◆ **What the task requires**
Shown below are entries with pictures; the line with "Taking Bite Out" through the line with "Gray car parked" is the span to retype exactly, and the pictures stay out.

◆ **Data supplied**

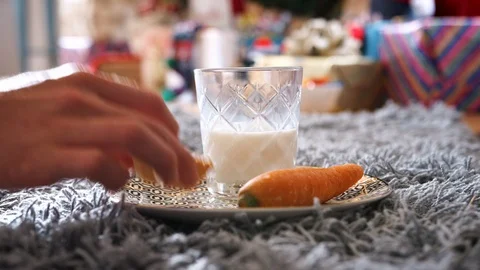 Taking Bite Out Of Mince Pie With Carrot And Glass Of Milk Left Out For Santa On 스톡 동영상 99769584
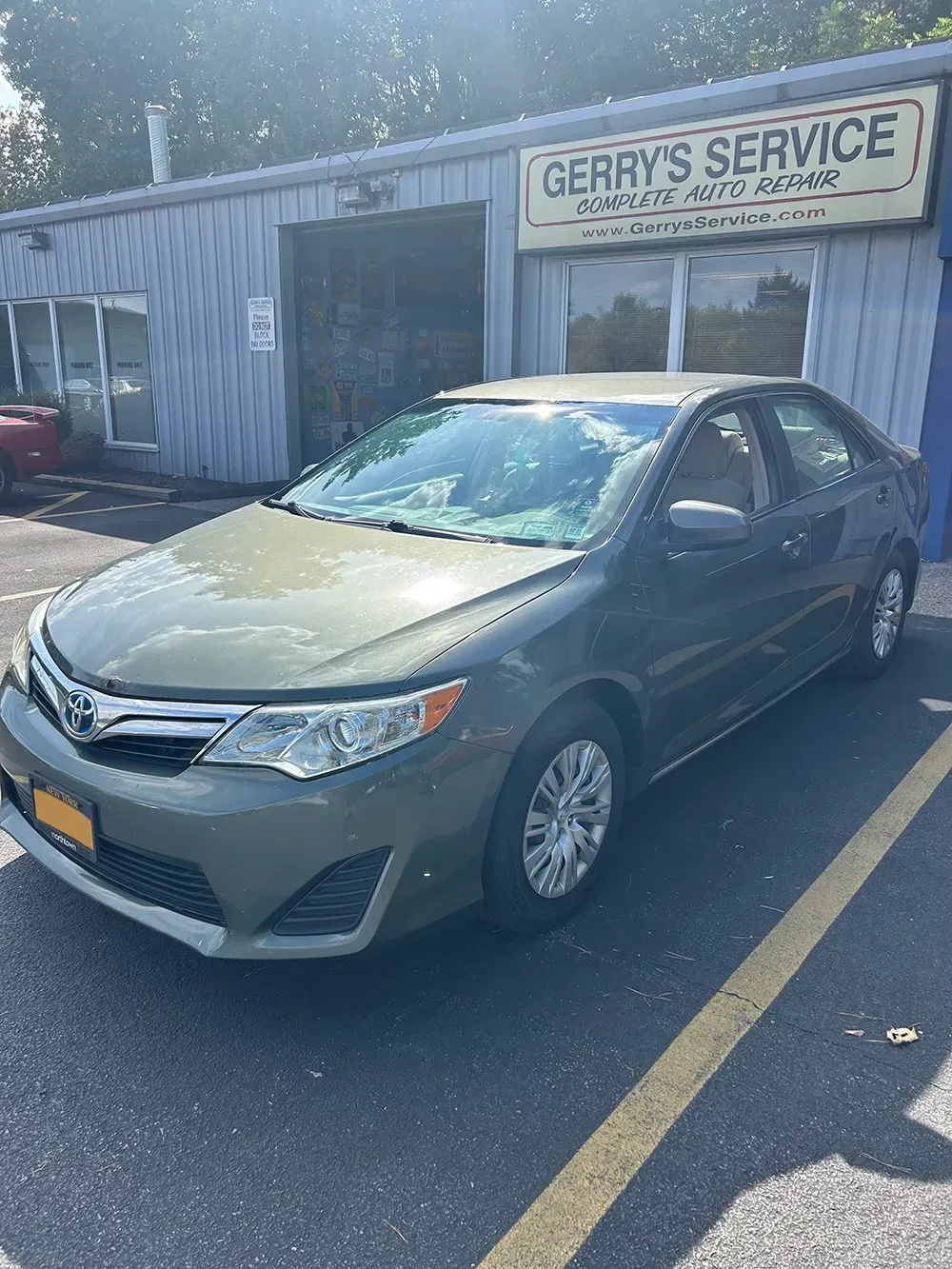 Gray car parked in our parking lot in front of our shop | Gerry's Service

* * *

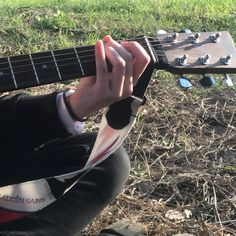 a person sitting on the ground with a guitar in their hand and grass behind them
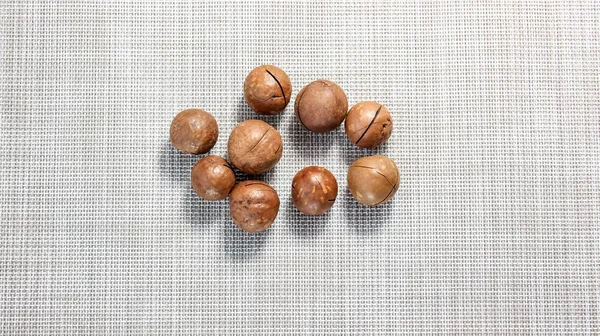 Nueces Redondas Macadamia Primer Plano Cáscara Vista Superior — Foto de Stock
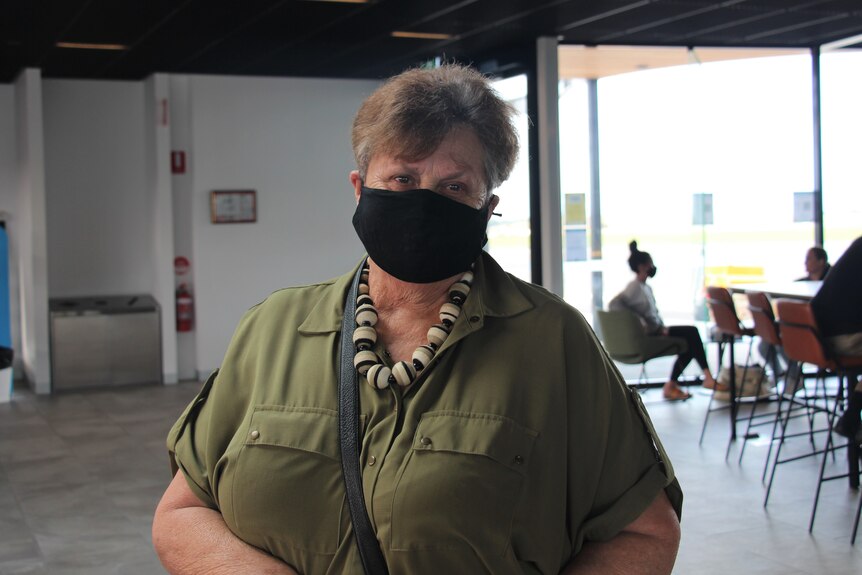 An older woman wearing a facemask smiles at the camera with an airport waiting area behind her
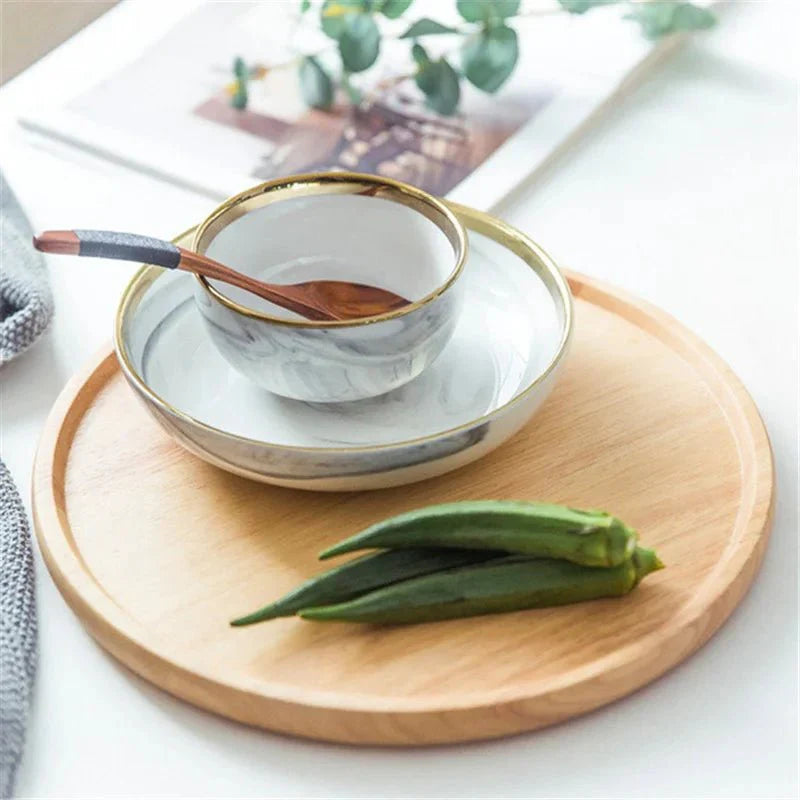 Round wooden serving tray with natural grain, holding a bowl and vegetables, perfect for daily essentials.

* * *

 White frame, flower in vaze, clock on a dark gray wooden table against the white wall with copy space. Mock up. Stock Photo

◆ **Task output**
 Taking Bite Out Of Mince Pie With Carrot And Glass Of Milk Left Out For Santa On 스톡 동영상 99769584
 Gray car parked in our parking lot in front of our shop | Gerry's Service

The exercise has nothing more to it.